-- Opening Marker --

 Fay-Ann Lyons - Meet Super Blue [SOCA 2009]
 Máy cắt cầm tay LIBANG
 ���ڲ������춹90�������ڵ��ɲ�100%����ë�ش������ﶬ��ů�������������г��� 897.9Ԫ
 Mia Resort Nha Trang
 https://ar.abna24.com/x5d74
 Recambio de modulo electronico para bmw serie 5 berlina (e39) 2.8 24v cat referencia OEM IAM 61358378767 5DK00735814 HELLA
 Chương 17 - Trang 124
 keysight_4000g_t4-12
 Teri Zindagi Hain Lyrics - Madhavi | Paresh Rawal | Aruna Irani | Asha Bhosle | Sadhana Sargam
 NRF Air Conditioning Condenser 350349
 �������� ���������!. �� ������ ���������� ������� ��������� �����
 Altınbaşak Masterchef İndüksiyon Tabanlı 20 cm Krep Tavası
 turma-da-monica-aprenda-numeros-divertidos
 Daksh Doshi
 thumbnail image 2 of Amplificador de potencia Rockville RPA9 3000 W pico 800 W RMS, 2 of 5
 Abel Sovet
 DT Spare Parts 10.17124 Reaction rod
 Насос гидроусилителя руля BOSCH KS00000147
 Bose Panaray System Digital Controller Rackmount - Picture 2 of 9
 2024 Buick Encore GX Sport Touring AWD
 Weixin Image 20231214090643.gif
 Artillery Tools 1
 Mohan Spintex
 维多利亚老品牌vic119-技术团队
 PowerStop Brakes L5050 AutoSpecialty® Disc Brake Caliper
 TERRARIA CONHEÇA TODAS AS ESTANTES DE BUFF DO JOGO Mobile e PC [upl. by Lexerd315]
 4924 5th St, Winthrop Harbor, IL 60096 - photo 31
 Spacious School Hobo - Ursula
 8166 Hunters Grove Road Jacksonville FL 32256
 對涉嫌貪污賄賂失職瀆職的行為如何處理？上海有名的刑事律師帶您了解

-- Closing Marker --

Task objective: Above are some lines. Repeat exactly, and only, those from the line that has "https://ar.abna24.com/x5d74" through the line that has "Teri Zindagi Hain".

Reply to the exercise:
 https://ar.abna24.com/x5d74
 Recambio de modulo electronico para bmw serie 5 berlina (e39) 2.8 24v cat referencia OEM IAM 61358378767 5DK00735814 HELLA
 Chương 17 - Trang 124
 keysight_4000g_t4-12
 Teri Zindagi Hain Lyrics - Madhavi | Paresh Rawal | Aruna Irani | Asha Bhosle | Sadhana Sargam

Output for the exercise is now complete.